## WORK REQUIRED
Word for word, restate the lines from the one holding "this 400×600 image." through the last line of the material below, and leave every picture out.

## SUPPLIED DATA
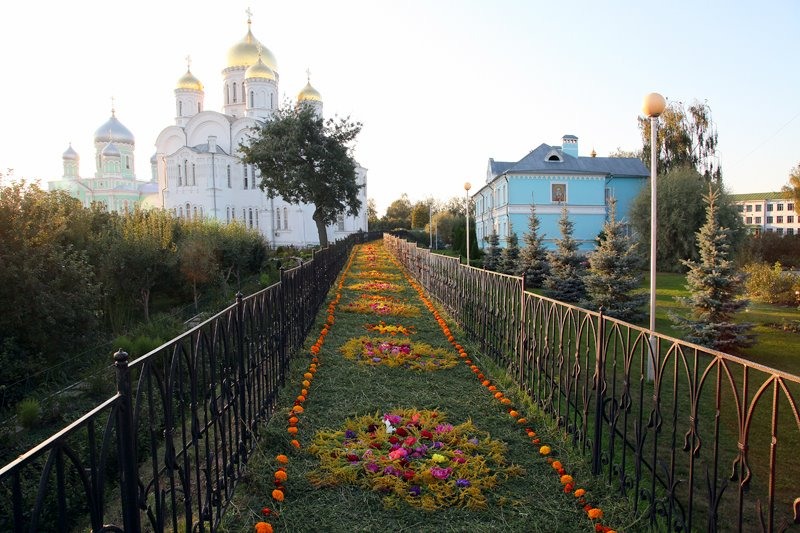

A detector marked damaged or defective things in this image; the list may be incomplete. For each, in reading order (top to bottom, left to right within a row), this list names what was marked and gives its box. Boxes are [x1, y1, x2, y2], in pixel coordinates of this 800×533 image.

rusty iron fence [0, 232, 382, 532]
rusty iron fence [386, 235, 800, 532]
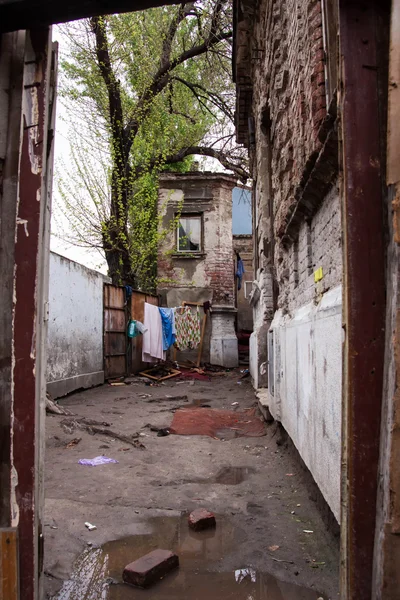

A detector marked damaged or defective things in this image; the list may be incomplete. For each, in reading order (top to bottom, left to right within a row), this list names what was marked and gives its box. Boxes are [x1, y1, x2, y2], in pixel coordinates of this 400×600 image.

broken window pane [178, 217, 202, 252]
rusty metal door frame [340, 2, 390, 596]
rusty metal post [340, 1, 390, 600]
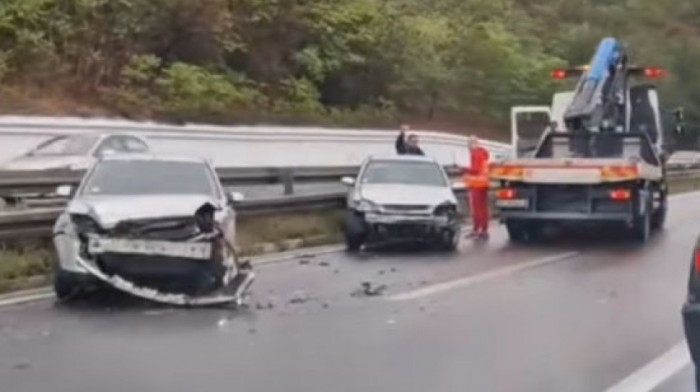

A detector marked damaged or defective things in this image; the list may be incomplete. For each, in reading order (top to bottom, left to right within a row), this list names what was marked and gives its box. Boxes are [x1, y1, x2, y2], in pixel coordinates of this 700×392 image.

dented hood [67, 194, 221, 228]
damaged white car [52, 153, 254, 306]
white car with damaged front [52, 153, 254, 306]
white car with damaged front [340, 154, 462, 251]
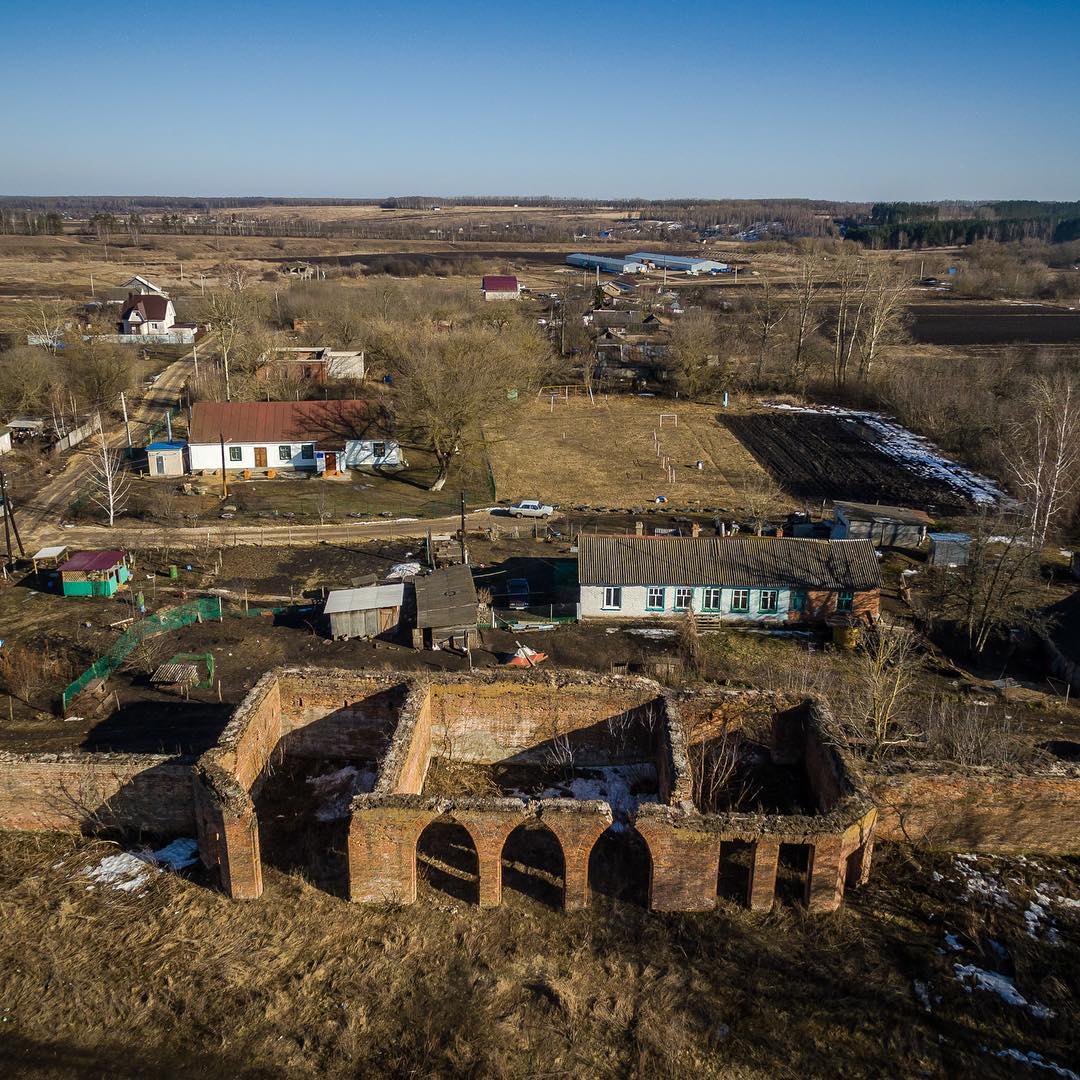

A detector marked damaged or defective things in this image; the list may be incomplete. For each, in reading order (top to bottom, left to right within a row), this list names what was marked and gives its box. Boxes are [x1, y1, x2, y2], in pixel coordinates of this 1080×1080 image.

## ANSWER FOR THE TASK
A detector marked damaged or defective things in this image; the list may be incomplete. For each, in reading order (top to bottom, left to right within a row), this list names what was marked and gives its box. Boxes are [x1, y1, x2, y2], in pixel coordinates of this 400×600 image.

broken window pane [178, 217, 202, 252]
rusty metal door frame [340, 2, 390, 596]
rusty metal post [340, 1, 390, 600]

A detector marked damaged or defective things in this image; the list may be incomplete. For each, in reading order (top to bottom, left to right within a row), this list names what was marked and gives its box. Boxes are [x1, y1, x2, y2], in pixel coordinates of this 700×392 image.

dented hood [67, 194, 221, 228]
damaged white car [52, 153, 254, 306]
white car with damaged front [52, 153, 254, 306]
white car with damaged front [340, 154, 462, 251]

A detector marked damaged or defective things in this image; the list may be incomplete. For each, in reading order (top to bottom, left to right within a row), this list names what was marked and gives its box. Boxes are [x1, y1, x2, y2], in pixel coordinates of this 1080×1080 image.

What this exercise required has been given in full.